→ COLLECTED DATA:

══════════════════════════════

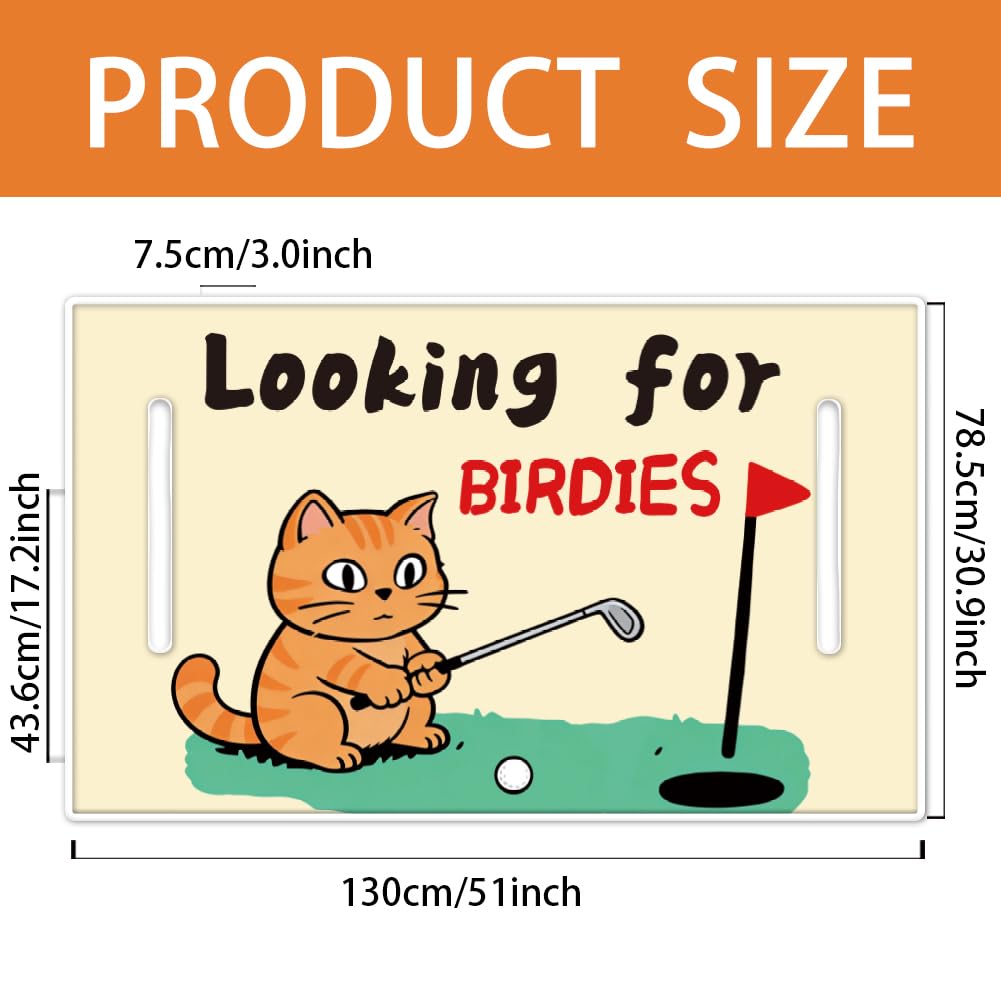 ORIGACH easy-install seat cover shows armrest holes for quick, tool-free fit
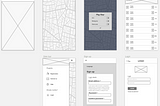 Wireframing challenge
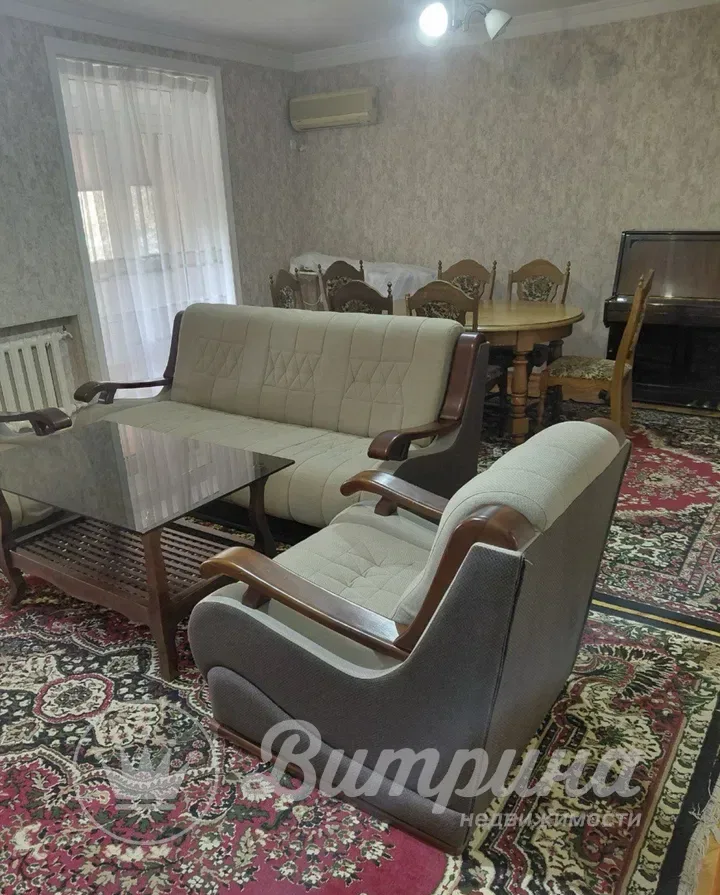 4-комнатная квартира Цум — 2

══════════════════════════════

→ WHAT NEEDS TO BE DONE: Repeat the material above exactly. Leave every picture out of it.

→ SOLVED EXERCISE:
 ORIGACH easy-install seat cover shows armrest holes for quick, tool-free fit
 Wireframing challenge
 4-комнатная квартира Цум — 2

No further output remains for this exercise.